Humanitarian assistance can reinforce gender stereotypes. INGO staff members represent themselves as 'experts' with knowledge and skills to impart to the 'locals', whereas capacity-building should be viewed as a way of engaging and reinforcing local knowledge and skills in order to enhance the security of people's livelihoods. In the context of emergency relief, if food stuff is handed to women and cadjans (temporary shelters) to men, it is implicitly understood that women should cook while men construct the temporary shelters. Conversely, interventions can also be gender blind, meaning they assume assistance will affect all displaced people equally and therefore neglect the needs of women and other minority groups.

The research by de Alwis and Hyndman resulted in these findings:
• INGOs tend to focus on interventions for women that are 'quick' and 'easy'. For example, they provide micro-credit to women rather than skills-training in non-traditional areas.
• Little effort is made to enable local NGOs (LNGOs), through the generation of capital, to be independent of outside funds or to assess the impact of credit on gender relations in the home.
• Giving loans to women or widows without ongoing discussion with the entire community can cause resentment among men who may not have similar access to such credit schemes.
• Women's health is generally addressed only in terms of maternal health. Issues such as sexual health and violence are therefore ignored. However, a few organisations are looking at the psychosocial dimensions of health.
• Many humanitarian organisations appoint female staff as gender co-ordinators, although they may not be trained or interested in addressing gender issues. It also absolves other staff from taking responsibility for promoting gender equality.

However, there are some local and international organisations that have integrated gender and development (GAD) into their work:
• The Suriya Women's Development Centre, a group of displaced Tamil women, has integrated prevention of violence against women into all their projects.
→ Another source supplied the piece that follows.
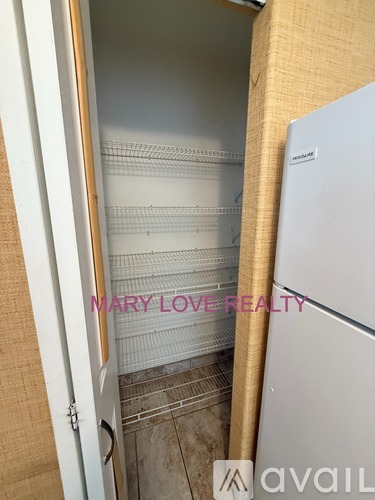 A refrigerator is in a kitchen with a door open.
The women also educate the public about violence against women (VAW) through songs, posters and street dramas. Suriya co-ordinates the Eastern women's NGO forum, which enables NGOs to share ideas, although travel and security concerns make it difficult to convene meetings.
• The World University Service of Canada (WUSC) helps co-ordinate the NGO forum and insists on equal participation of men and women in the projects they support. In cooperation with INGOS and LNGOs, they have supported courses in welding, bicycle repair, carpentry and mechanics in both mixed classes as well as classes for women only. Training for all participants includes gender training. WUSC also works with the families, employers and neighbours of women about the need to re-examine gender stereotypes.

Lessons learnt and recommendations:
• INGOs need to expand their conception of gender and collaborate with LNGOs, so that gender is seen as part of the design, implementation and evaluation of every project.
• Conflict can provide opportunity for positive social change through transforming gender roles/identities, provided that all members of a community are involved in ongoing consultations and decision-making.
• Developing a network for gender trainers and a central repository for shared resources would be an invaluable asset for international and local NGOs.
• Gender training for male staff by male gender trainers is vital to counter the current trend towards marginalising gender as a women's issue.